Activity ends before last event is processed: Unable to route event

82 views
Skip to first unread message

Vilius Panevėžys

unread,
Jun 27, 2011, 11:22:26 AM6/27/11
to mobicent...@googlegroups.com
Hello all,
we're having an issue with a RA which basically sends a request as requested by
SBB and routes the response as event. Activity ending logic is similar to HTTP
client RA: response event is fired followed by call to endActivity from the same
thread.

Under approximately 30 requests per second errors like

======
2011-06-27 12:34:55,484 ERROR
[org.mobicents.slee.runtime.eventrouter.routingtask.EventRoutingTaskImpl] Unable
to route event EventContext[event type id =
EventTypeID[name=...,vendor=...,version=1.0] , event = ... , local ac = ... ,
address = null , serviceID = null]. The activity context is gone
======

start to show up in the server.log.
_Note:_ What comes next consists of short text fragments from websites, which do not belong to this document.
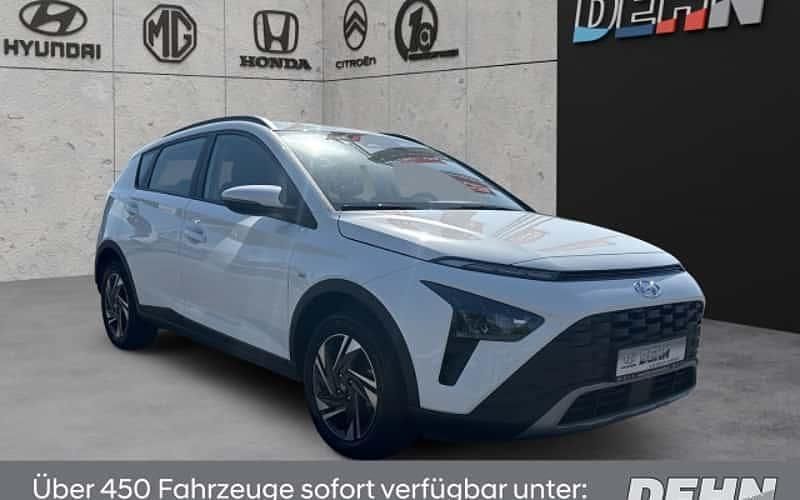 Weiß Gebraucht 2024 Hyundai Bayon Trend SUV | 17.490 € (Superpreis) - Bild 1/4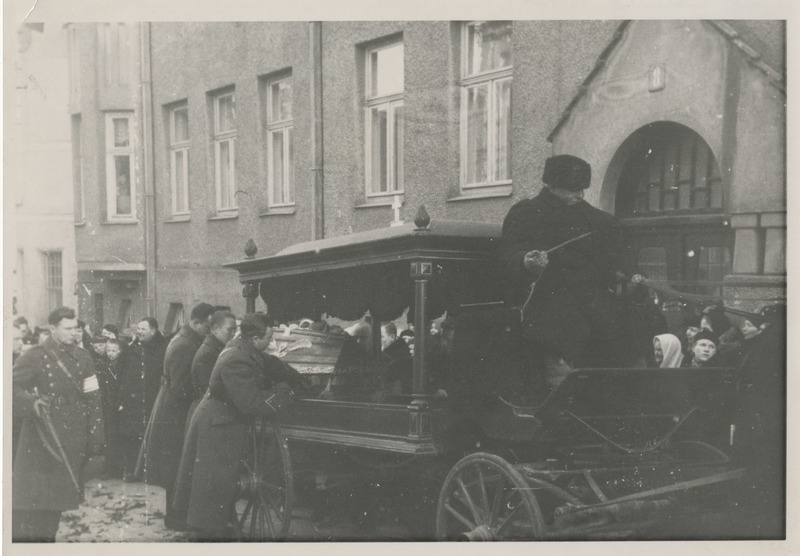 08.02.1938 aset leidnud Peipsi järve piirikonfliktis tapetud Eesti piirivalvurite matused Tartus, matuserongkäik Tartu tänavatel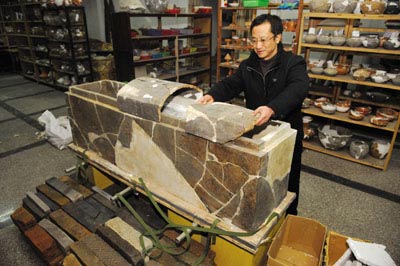 涪陵发现国内最大陶棺(组图)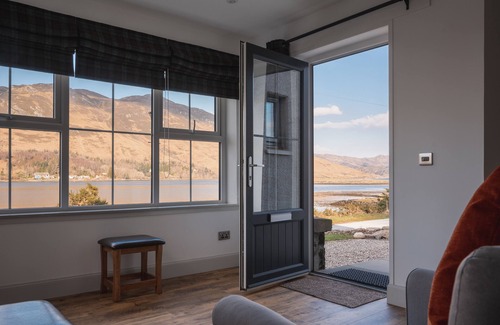 Dornie Casa | An Dòbhran - a spacious seaside luxury home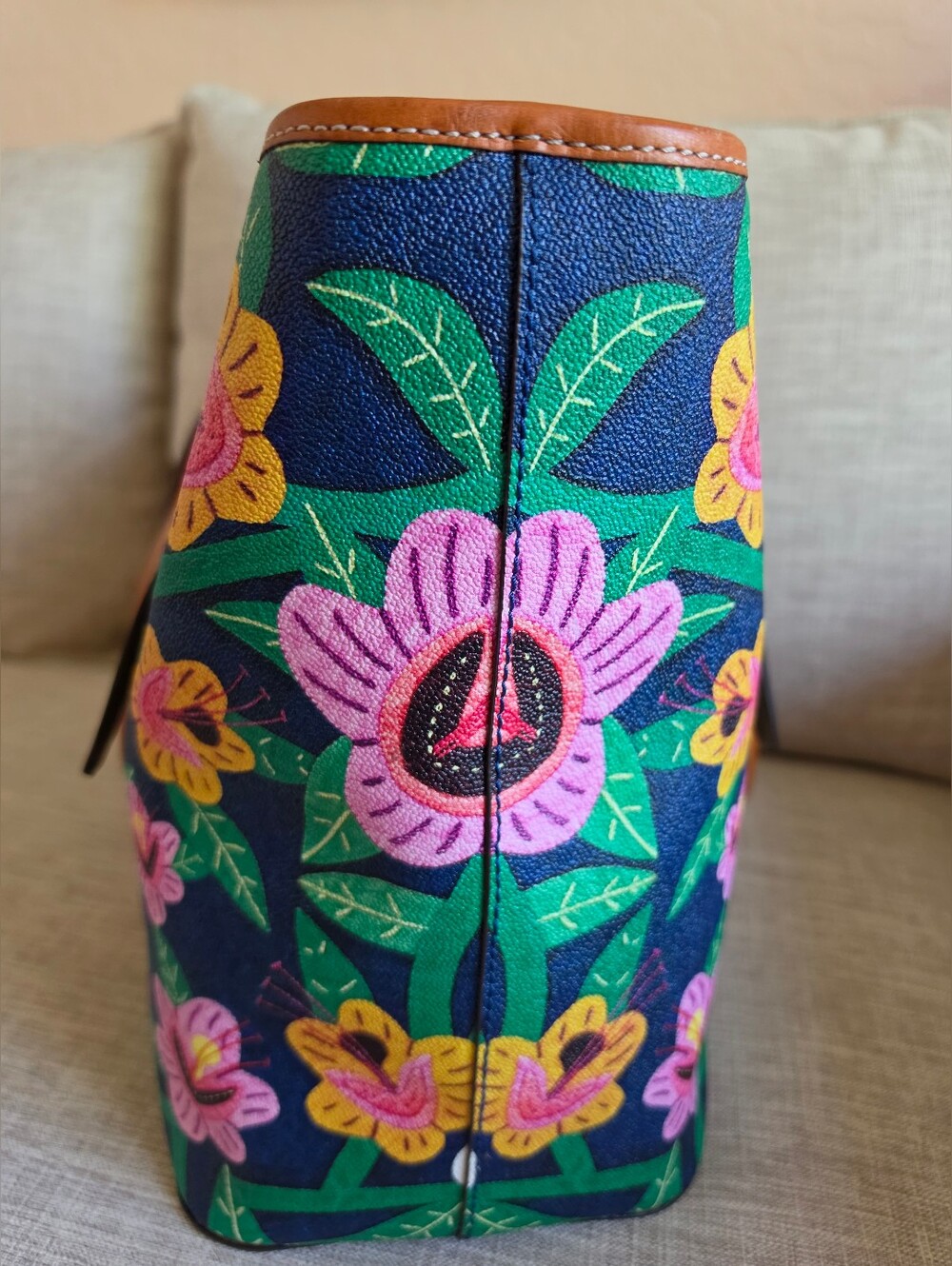 Dooney & Bourke Islamorada Dover Tote - Picture 2 of 15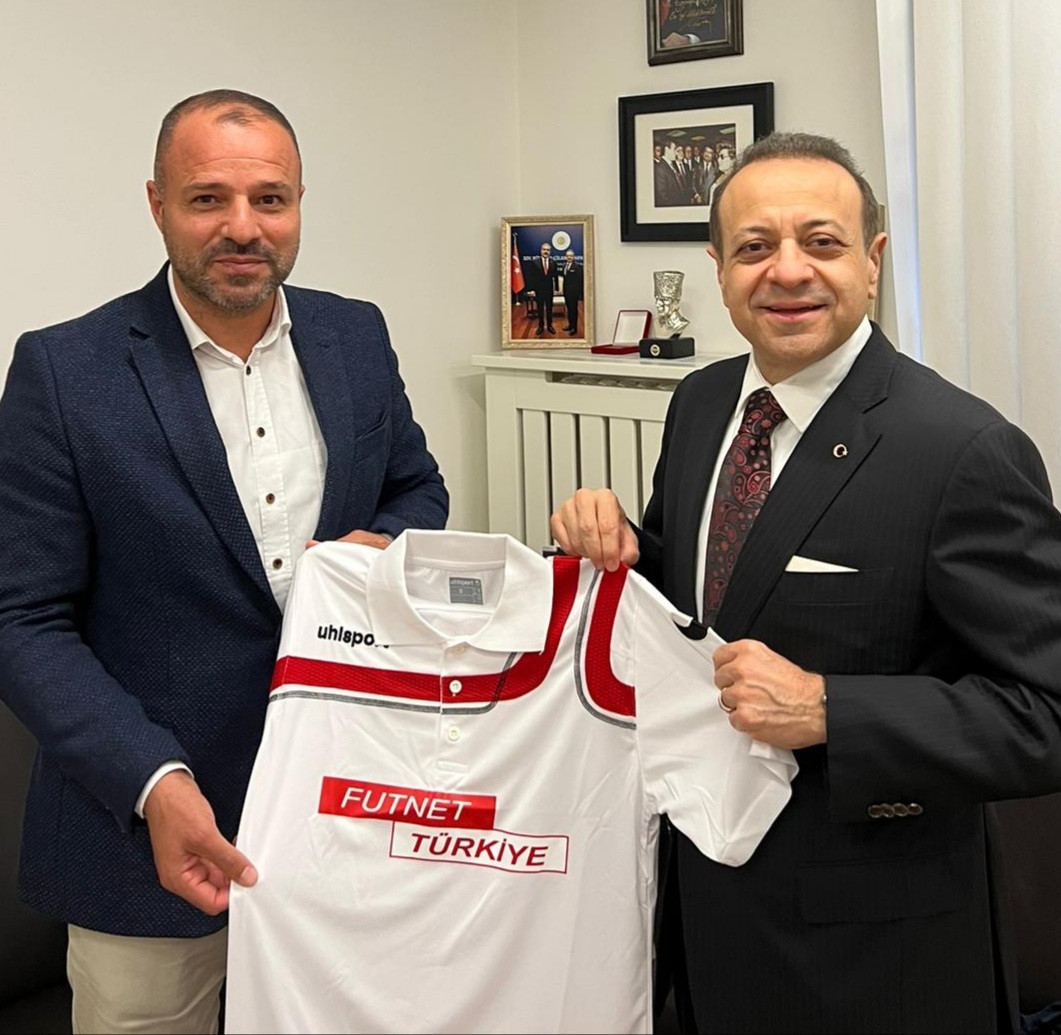 Kocaeli Üniversitesi’nden tarihi Futnet hamlesi! - Resim : 2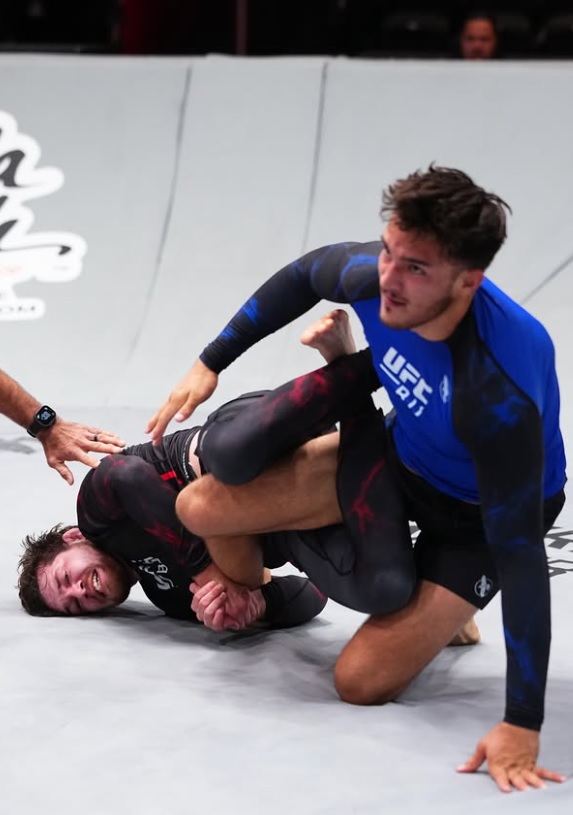 Mason Stritzel verrouille un heel hook sur Seve Zazueta pour ses débuts à l'UFC BJJ 11
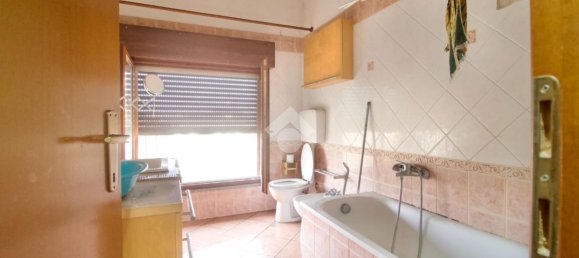 Квартира с 4 комнатами в Реджо Эмилия, Италия № 4733 31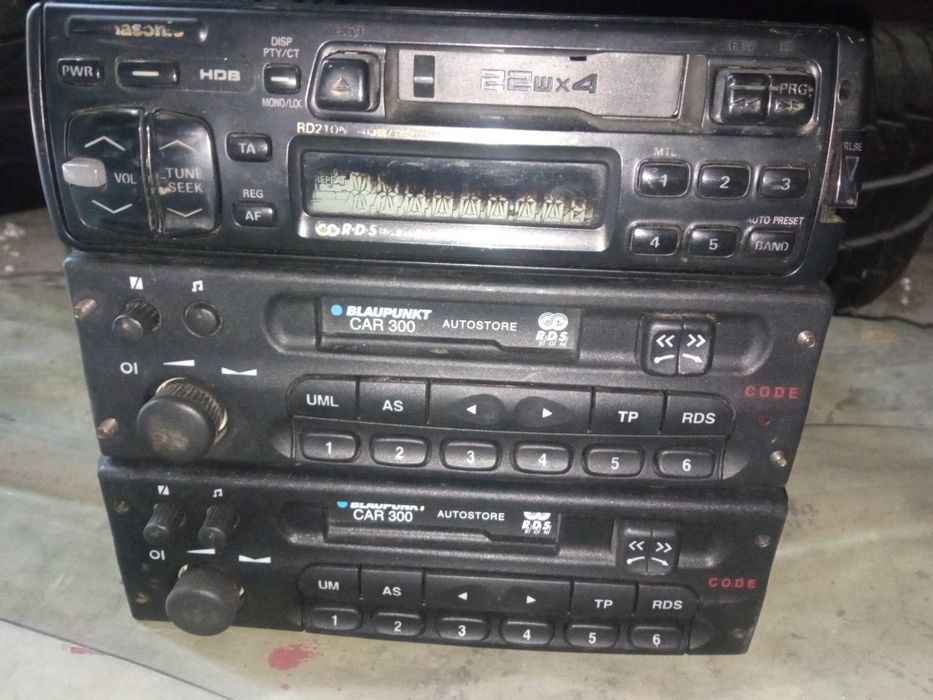 Radio samochodowe na kasety Blaupunkt Panasonic LG-aux itd..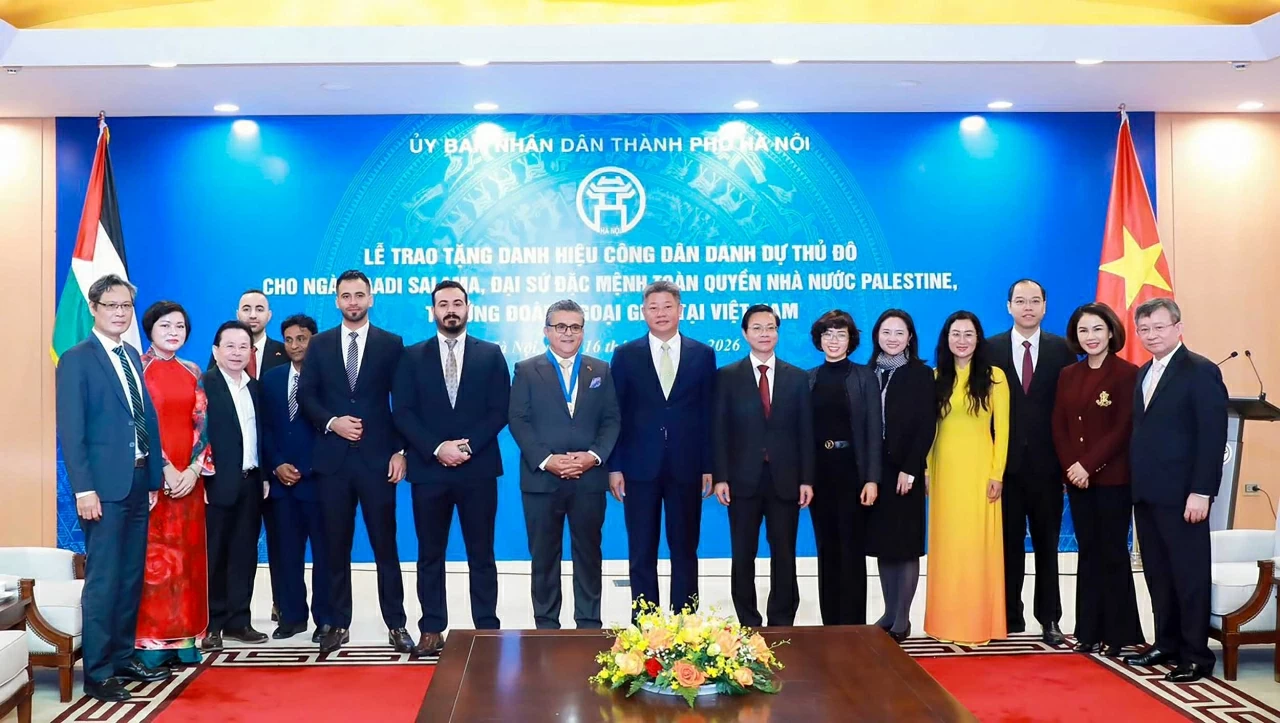 Đại sứ Saadi Salama được trao danh hiệu Công dân danh dự Thủ đô Hà Nội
Log shows that the response event has been
fired, then endActivity has been invoked, followed by activityEnded callback
(less than 100 ms after invoking endActivity). After that ER complains being
unable to route the event. This leaves the impression that the activity has been
ended before the event has been processed, which was fired before invoking
endActivity. However, I would expect the ActivityEndEvent to be queued after the
event that has been fired before invoking endActivity.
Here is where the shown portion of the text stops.